Vanillin is a phenolic aldehyde with the molecular formula of C8H8O3 and consists of functional groups of aldehyde, hydroxyl, and ether. Vanillin is naturally found in species of plants such as Leptotes bicolor and the Chinese red pine. Vanillin was first isolated as a relatively pure substance in 1858 by Nicolas-Theodore Gobley by evaporating a vanilla extract to dryness and recrystallizing the resulting solids from hot water. Vanillin is used in the food industry as a cheap flavoring agent for foods. 

Manufacturing Process

The first commercial synthesis of natural vanillin is synthesized from a natural compound called eugenol, found in clove oil and waste Lignin material. Commercial artificial vanillin is prepared from either guaiacol or lignin. It is also prepared naturally from the seed pods of vanilla planifolia. Vanillin is chemically synthesized by which guaiacol reacts with glyoxylic acid by electrophilic aromatic substitution. The resulting vanillylmandelic acid is converted via 4-hydroxy-3-methoxyphenylglyoxylic acid to vanillin by oxidative decarboxylation.

Food Industry

In the food industry, Vanillin is mainly used as a food flavoring agent in food and beverages. It is also widely used as a fragrance ingredient.

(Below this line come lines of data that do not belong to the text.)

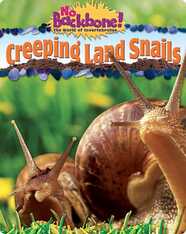 Creeping Land Snails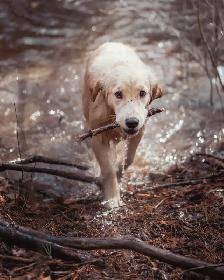 Golden Retriever Puppies - Photo 3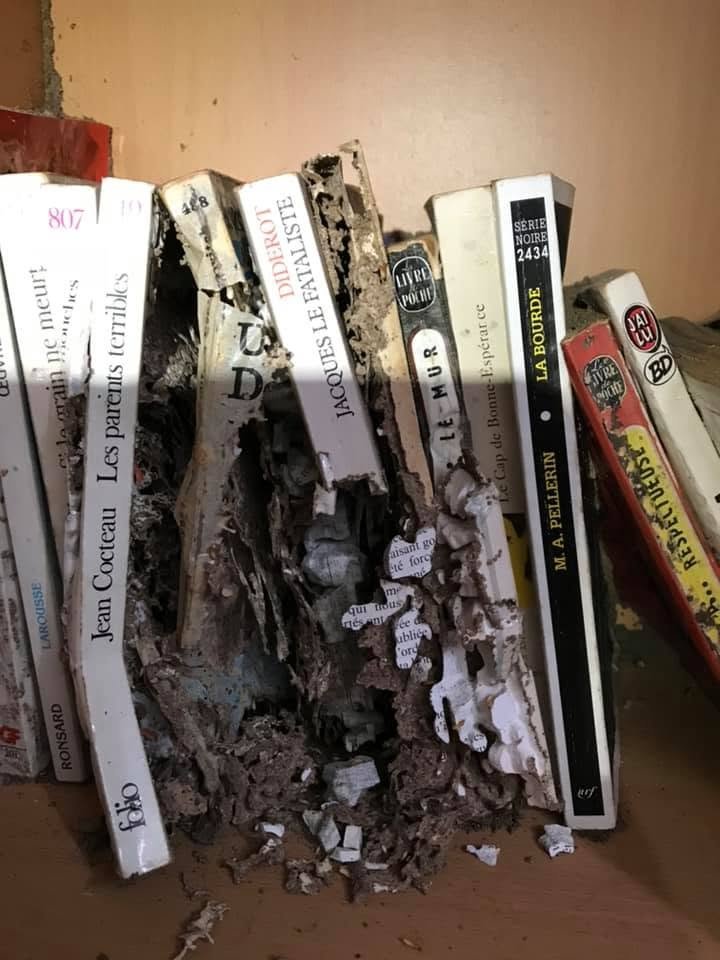 Livres et étagère rongés par les termites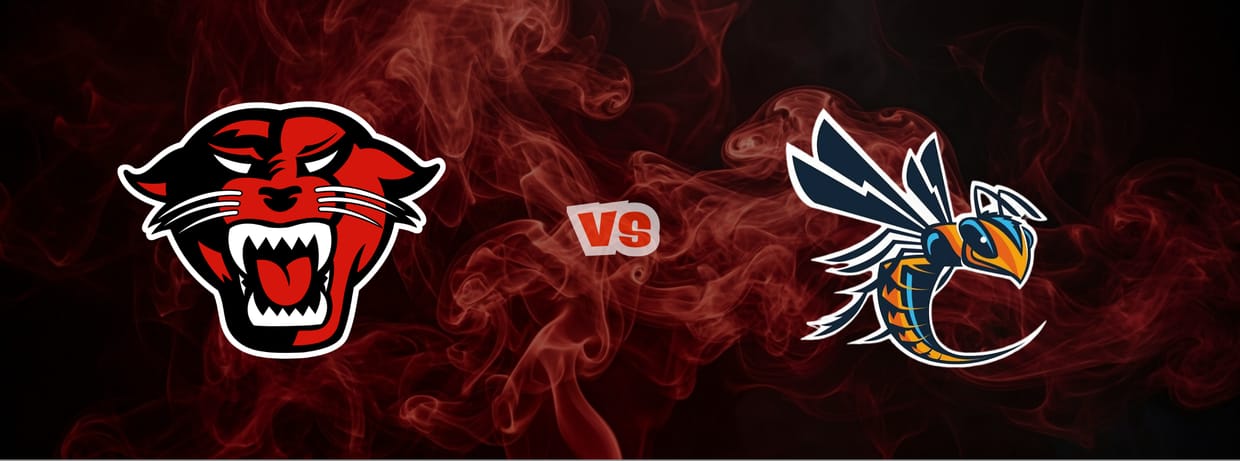 Women's Basketball vs. Cedarville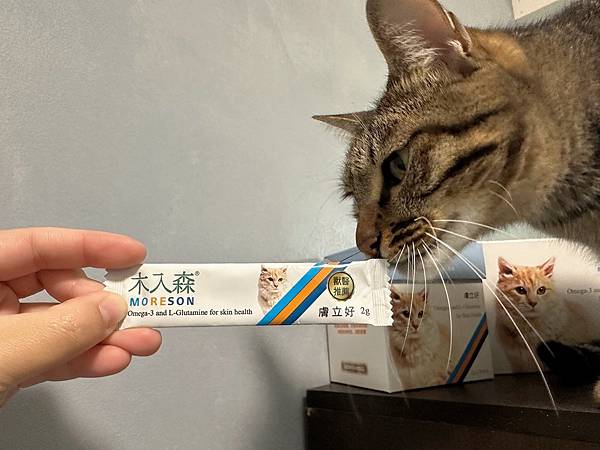 喵の保養日記🐾 木入森貓咪膚立好｜貓咪皮膚全方位營養補充～天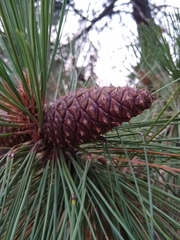 Pinus ponderosa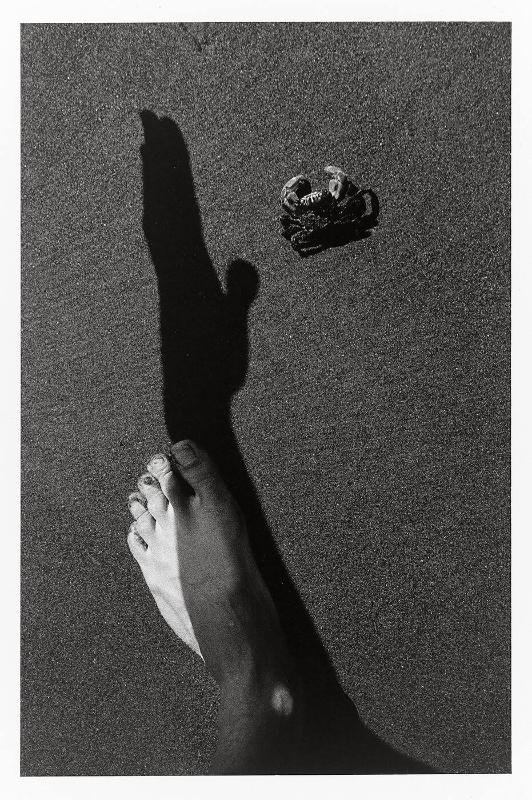 Foot, Shadow, Crab (from "Somnambulist")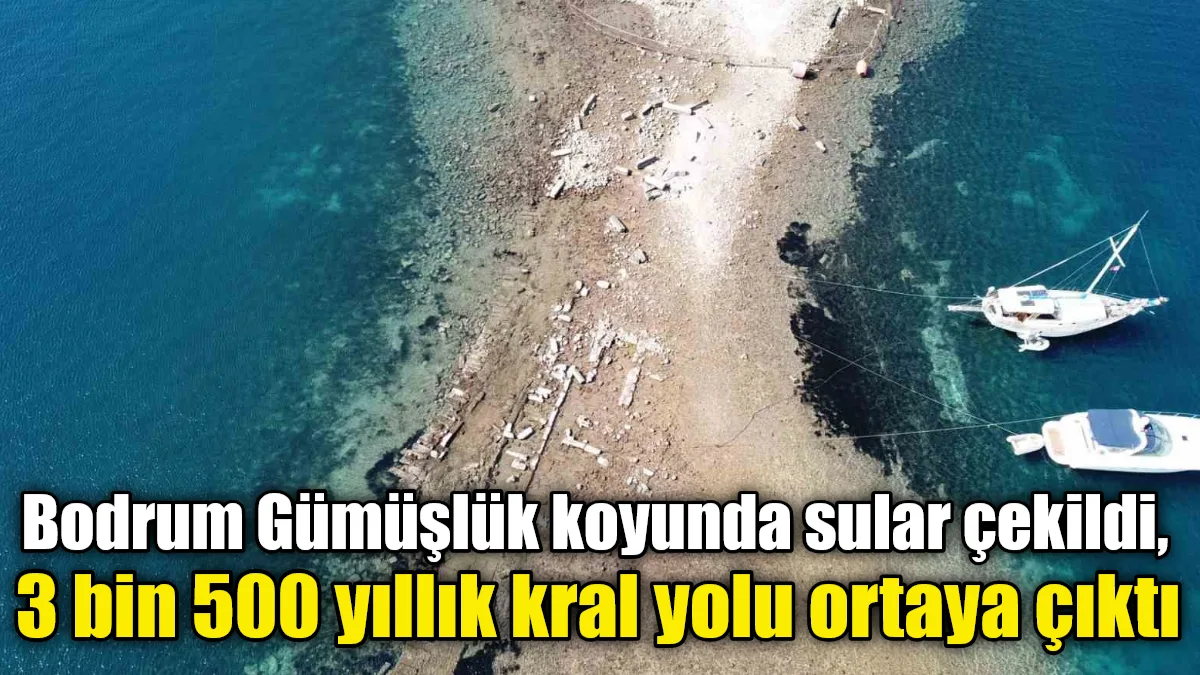 Bodrum Gümüşlük’te denizin metrelerce çekilmesiyle gün yüzüne çıkan 3 bin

Vanillin is mainly used in ice creams, chocolates, confectionery, baking, beverages, and fresh dairy products.

Other Application

In the cosmetics industry, vanillin is used in perfumes and the formulation of personal care products. Vanillin is used to formulate home care products, toiletries, and detergent products. Vanillin is used as a feed application in pharmaceuticals, fine chemicals, and agrochemical intermediates. Vanillin is used in visualizing components of a reaction mixture.